Rob Smith (born 29 September 1982) is an Irish singer-songwriter, DJ and writer from Terenure, Dublin.

Biography
Smith released his debut album, Throwing It All Away, in March 2008 to considerable success and toured in 10 countries across Europe promoting it. The lead single from the album, Stand Up, reached number 1 in the Irish downloads charts that summer. The follow up, 2010's The Juliana Field, was released to critical acclaim and landed Smith a nomination for Most Promising Act at that year's Meteor Awards. He released a live EP, titled Live in New York & Dublin, the following year.

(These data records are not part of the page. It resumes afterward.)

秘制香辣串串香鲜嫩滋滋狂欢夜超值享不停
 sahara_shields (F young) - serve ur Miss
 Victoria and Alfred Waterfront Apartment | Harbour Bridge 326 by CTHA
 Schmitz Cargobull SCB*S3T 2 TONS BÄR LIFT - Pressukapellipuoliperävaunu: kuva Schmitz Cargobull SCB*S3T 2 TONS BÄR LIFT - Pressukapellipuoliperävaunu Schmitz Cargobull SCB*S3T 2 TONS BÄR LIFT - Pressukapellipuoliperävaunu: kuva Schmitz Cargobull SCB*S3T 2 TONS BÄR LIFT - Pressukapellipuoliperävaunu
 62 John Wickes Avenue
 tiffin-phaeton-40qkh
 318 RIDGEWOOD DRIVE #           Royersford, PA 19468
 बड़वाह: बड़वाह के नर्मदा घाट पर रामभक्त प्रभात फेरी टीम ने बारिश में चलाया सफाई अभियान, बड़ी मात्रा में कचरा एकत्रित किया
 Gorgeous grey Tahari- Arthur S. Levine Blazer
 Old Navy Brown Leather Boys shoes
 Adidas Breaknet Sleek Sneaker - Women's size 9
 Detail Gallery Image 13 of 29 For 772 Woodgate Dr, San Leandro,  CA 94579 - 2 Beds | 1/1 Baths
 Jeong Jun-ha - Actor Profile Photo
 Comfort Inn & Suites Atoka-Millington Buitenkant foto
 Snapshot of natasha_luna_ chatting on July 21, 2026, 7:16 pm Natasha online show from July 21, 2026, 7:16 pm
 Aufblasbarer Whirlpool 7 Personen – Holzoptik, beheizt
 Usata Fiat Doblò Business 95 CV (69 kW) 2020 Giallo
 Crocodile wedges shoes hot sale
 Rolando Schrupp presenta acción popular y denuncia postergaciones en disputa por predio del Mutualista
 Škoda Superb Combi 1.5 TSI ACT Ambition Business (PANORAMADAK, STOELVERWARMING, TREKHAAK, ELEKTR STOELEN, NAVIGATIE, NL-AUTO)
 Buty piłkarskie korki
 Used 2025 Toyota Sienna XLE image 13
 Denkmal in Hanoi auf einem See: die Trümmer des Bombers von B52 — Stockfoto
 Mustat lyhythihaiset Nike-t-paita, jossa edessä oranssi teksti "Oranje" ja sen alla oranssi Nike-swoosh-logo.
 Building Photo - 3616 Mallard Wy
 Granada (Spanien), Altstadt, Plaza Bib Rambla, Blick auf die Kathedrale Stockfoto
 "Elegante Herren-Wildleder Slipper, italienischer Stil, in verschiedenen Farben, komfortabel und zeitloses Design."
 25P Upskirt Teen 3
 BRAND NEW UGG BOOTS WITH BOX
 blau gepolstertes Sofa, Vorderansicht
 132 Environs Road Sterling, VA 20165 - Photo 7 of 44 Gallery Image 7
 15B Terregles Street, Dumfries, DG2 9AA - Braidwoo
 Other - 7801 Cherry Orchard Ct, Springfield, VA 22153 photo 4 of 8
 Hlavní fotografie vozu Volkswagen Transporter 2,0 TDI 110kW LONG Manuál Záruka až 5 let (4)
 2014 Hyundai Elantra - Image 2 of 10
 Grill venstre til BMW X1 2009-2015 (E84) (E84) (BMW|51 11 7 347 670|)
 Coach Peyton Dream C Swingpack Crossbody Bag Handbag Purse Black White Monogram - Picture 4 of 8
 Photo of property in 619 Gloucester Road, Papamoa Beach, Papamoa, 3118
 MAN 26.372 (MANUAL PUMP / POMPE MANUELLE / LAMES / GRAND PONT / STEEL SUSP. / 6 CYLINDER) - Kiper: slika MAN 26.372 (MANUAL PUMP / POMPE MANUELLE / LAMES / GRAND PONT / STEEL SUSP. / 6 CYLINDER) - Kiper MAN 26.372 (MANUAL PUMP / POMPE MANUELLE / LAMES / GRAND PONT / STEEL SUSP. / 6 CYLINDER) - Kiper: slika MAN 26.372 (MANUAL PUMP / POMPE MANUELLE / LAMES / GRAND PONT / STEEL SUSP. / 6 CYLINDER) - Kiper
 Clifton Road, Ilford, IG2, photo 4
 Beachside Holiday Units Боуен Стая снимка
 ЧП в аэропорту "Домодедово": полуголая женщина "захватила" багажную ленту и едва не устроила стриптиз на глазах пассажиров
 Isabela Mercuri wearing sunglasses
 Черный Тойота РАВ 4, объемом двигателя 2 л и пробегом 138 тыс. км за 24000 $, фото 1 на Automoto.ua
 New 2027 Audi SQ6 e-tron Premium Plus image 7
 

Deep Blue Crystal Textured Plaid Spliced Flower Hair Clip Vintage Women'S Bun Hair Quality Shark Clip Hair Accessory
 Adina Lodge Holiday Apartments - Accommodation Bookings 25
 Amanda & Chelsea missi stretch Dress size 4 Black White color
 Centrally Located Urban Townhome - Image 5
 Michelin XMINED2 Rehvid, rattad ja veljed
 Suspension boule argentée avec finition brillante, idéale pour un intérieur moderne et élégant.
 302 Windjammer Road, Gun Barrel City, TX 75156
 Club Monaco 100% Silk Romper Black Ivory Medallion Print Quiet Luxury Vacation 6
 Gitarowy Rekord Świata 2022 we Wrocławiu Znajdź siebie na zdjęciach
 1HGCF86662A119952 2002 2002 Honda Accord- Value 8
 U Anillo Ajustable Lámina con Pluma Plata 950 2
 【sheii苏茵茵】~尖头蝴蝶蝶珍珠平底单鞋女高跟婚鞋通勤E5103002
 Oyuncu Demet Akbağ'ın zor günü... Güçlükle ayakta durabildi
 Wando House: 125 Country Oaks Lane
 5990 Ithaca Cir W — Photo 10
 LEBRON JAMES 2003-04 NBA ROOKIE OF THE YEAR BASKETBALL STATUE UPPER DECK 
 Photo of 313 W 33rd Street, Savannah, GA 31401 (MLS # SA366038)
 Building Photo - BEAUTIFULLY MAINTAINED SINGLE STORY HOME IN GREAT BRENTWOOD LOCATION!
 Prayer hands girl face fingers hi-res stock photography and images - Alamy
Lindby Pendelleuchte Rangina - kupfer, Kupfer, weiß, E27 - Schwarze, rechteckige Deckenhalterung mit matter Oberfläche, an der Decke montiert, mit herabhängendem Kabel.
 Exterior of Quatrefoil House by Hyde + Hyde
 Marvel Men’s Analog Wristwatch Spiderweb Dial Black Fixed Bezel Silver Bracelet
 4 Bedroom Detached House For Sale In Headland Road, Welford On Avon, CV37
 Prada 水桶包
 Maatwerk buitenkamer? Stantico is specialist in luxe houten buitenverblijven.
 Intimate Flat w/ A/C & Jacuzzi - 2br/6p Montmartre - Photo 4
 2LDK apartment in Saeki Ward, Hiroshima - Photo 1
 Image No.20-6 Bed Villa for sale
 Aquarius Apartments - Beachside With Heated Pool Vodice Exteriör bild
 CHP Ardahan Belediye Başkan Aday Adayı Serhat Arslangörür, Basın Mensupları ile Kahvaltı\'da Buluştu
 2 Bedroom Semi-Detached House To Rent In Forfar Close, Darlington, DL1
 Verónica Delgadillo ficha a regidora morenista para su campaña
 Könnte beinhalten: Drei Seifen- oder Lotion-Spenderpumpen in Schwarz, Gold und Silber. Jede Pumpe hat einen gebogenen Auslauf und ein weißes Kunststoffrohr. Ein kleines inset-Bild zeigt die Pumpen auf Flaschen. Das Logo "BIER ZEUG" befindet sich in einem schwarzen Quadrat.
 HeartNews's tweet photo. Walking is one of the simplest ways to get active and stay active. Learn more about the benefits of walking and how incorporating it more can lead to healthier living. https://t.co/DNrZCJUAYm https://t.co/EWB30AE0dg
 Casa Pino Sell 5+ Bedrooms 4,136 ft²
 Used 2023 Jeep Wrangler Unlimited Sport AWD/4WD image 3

He released a well-received punk rock single in February 2015 called Dale Boca Juniors which charted in both Ireland and Argentina. In May 2015, he released a compilation titled Snapped Strings & Hangovers.

He is also a DJ, specialising in indie and alternative rock, and has spun in countries such as Italy, Netherlands, Scotland and the United States. A notable Boca Juniors fan, he is also a football writer for Irish music magazine Hot Press.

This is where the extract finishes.